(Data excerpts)
+--

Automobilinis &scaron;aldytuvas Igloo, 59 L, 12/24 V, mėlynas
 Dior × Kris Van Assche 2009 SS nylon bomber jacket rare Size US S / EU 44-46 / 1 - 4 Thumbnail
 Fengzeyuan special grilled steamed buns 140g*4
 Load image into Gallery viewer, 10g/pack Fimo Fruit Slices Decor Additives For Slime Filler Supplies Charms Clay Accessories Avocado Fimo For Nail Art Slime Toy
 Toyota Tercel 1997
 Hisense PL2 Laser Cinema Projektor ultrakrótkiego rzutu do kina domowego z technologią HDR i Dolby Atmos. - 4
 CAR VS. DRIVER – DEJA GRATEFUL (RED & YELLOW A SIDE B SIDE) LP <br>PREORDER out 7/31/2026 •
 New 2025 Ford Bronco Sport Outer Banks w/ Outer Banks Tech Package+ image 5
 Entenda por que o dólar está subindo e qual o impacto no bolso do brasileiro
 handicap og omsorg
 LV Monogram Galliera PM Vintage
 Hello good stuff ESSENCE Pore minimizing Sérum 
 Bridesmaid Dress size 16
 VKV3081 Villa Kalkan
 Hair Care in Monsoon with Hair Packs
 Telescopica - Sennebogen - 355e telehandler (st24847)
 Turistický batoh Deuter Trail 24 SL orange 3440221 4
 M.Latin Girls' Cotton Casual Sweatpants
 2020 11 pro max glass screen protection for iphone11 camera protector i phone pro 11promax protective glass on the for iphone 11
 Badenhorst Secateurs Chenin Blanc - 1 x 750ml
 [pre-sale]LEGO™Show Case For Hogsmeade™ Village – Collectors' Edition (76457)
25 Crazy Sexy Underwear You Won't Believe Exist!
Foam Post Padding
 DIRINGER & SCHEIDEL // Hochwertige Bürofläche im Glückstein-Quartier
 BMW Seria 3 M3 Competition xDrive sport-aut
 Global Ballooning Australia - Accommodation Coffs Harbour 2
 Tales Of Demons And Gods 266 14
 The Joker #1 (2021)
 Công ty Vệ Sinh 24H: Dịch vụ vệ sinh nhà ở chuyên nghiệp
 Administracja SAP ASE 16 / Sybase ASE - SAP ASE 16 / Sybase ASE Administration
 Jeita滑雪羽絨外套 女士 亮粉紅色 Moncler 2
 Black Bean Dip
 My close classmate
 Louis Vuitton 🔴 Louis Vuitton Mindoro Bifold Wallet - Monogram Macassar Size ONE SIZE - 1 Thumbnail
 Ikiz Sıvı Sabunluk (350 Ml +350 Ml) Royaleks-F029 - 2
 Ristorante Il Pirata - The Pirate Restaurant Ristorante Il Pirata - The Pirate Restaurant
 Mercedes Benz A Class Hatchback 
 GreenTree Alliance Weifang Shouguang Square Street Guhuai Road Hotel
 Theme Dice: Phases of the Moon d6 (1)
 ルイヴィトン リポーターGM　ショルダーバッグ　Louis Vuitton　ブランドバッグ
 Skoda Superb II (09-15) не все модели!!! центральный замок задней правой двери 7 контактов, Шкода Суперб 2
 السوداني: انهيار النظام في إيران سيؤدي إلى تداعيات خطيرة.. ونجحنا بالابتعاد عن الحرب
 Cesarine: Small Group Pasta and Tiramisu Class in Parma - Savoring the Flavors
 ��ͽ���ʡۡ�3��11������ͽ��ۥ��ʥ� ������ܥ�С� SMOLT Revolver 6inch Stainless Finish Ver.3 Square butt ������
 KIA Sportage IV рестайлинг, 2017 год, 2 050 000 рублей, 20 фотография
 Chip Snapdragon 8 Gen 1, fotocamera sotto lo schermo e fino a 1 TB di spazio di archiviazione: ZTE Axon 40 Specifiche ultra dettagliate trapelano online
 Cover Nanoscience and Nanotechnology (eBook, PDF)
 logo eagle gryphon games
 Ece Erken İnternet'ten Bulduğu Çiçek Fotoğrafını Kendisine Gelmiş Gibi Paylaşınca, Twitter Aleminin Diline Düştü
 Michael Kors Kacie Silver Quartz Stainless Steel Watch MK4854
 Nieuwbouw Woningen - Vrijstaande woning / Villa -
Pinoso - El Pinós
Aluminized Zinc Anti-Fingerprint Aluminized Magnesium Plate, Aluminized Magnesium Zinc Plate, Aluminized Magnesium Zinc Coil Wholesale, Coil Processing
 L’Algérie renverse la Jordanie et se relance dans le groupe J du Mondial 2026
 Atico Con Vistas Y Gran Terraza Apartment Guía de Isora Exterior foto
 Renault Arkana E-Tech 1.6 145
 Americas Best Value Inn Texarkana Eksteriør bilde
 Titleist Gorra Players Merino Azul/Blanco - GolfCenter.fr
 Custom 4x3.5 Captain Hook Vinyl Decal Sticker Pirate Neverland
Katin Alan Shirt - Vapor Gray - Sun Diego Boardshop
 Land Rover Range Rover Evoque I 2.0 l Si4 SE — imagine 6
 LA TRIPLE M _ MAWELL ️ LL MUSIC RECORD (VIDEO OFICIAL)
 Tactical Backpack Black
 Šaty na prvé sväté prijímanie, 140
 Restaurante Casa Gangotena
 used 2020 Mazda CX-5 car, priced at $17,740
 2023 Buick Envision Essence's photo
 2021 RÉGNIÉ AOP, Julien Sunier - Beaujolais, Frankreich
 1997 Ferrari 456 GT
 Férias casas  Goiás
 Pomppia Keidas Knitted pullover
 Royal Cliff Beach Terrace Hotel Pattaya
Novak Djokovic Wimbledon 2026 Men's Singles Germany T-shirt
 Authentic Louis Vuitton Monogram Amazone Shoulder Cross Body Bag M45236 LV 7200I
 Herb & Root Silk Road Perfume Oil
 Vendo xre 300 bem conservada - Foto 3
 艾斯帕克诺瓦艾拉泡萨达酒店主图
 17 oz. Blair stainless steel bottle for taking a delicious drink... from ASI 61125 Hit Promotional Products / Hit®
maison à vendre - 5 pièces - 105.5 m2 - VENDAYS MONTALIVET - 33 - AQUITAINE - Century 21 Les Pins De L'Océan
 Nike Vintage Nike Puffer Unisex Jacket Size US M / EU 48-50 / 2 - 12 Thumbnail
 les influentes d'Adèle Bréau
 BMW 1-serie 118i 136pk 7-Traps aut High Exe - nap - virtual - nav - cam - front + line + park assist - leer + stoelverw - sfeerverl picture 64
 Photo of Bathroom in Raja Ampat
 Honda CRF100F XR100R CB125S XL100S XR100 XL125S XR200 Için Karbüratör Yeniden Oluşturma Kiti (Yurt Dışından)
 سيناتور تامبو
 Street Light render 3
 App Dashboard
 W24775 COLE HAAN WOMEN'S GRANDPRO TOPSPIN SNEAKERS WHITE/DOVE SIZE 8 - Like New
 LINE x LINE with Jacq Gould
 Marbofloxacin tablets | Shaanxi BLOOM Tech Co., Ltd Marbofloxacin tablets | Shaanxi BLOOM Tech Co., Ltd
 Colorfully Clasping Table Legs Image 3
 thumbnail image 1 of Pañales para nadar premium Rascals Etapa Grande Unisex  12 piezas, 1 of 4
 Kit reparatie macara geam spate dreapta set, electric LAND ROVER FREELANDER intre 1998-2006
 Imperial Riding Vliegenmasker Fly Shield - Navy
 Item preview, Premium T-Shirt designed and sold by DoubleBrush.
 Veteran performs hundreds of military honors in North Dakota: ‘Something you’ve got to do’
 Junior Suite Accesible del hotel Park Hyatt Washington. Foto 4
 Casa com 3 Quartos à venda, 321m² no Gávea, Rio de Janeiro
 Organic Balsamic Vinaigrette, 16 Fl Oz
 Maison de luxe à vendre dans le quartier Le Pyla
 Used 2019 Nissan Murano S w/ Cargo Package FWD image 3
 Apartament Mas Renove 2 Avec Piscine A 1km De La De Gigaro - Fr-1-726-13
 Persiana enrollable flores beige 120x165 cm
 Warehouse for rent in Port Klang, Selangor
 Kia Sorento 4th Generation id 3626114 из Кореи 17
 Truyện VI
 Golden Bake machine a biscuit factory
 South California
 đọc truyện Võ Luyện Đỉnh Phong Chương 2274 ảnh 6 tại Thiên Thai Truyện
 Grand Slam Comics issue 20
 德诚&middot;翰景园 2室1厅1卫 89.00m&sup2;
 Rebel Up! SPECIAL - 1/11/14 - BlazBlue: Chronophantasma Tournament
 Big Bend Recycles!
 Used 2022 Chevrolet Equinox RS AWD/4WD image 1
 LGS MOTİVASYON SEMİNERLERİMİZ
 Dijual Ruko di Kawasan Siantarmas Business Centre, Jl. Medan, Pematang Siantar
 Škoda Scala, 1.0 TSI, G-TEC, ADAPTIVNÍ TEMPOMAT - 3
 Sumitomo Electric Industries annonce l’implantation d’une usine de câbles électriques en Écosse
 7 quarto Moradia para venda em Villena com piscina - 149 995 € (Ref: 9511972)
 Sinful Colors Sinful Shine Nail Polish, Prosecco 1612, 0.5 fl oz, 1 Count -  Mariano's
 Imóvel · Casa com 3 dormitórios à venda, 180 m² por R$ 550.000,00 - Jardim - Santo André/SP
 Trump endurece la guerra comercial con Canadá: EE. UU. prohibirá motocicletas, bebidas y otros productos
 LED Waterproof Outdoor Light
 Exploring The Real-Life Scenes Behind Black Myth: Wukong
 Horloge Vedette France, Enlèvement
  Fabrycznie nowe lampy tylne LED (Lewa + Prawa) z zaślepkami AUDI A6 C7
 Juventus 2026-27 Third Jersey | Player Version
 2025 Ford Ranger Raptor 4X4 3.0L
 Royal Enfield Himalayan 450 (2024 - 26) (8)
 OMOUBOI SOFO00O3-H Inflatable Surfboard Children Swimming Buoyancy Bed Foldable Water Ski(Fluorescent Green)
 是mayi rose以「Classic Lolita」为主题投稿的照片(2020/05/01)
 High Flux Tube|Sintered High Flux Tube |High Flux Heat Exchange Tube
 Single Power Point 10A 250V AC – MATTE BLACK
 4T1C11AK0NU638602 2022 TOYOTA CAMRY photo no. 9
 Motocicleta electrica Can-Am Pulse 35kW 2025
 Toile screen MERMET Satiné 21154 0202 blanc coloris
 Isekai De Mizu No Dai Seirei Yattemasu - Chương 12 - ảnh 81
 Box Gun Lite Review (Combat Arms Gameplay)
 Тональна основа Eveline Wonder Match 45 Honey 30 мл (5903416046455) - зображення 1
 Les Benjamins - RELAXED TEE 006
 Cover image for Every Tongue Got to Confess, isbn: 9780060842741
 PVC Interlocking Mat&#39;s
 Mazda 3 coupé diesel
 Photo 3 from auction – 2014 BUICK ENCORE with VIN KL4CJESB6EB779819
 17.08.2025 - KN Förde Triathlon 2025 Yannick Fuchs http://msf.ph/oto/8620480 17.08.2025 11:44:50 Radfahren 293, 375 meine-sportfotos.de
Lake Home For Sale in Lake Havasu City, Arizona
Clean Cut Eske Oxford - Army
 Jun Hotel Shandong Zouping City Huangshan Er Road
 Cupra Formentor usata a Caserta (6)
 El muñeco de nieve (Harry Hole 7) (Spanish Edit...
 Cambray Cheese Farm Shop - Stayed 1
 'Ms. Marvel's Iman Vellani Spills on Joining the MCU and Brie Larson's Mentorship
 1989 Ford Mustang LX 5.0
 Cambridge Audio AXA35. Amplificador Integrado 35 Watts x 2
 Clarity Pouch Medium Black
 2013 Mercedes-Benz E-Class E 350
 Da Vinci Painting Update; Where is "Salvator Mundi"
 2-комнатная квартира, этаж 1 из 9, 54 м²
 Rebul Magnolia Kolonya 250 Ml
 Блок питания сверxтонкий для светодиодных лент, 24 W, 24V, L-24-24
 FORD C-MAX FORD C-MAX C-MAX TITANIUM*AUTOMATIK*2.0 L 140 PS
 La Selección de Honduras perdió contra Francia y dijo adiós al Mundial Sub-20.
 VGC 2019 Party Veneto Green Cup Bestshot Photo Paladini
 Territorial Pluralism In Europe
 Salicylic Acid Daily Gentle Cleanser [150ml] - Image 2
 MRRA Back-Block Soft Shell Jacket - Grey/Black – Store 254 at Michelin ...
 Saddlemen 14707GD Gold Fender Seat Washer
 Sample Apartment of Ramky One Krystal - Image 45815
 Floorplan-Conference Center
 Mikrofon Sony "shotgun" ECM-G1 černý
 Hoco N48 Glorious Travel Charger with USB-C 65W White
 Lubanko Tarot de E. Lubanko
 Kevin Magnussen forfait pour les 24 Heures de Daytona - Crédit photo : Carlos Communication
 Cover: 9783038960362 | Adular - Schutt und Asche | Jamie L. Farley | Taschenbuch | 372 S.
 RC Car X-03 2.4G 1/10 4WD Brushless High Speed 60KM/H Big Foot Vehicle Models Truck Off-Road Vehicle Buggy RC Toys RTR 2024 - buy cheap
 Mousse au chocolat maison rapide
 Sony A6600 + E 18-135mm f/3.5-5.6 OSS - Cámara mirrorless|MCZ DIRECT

+--

What the task asks -
Return, with no change at all, every line in the entries above from the line containing "Pinoso - El Pinós" through the line containing "LA TRIPLE M".

Solution below -
Pinoso - El Pinós
Aluminized Zinc Anti-Fingerprint Aluminized Magnesium Plate, Aluminized Magnesium Zinc Plate, Aluminized Magnesium Zinc Coil Wholesale, Coil Processing
 L’Algérie renverse la Jordanie et se relance dans le groupe J du Mondial 2026
 Atico Con Vistas Y Gran Terraza Apartment Guía de Isora Exterior foto
 Renault Arkana E-Tech 1.6 145
 Americas Best Value Inn Texarkana Eksteriør bilde
 Titleist Gorra Players Merino Azul/Blanco - GolfCenter.fr
 Custom 4x3.5 Captain Hook Vinyl Decal Sticker Pirate Neverland
Katin Alan Shirt - Vapor Gray - Sun Diego Boardshop
 Land Rover Range Rover Evoque I 2.0 l Si4 SE — imagine 6
 LA TRIPLE M _ MAWELL ️ LL MUSIC RECORD (VIDEO OFICIAL)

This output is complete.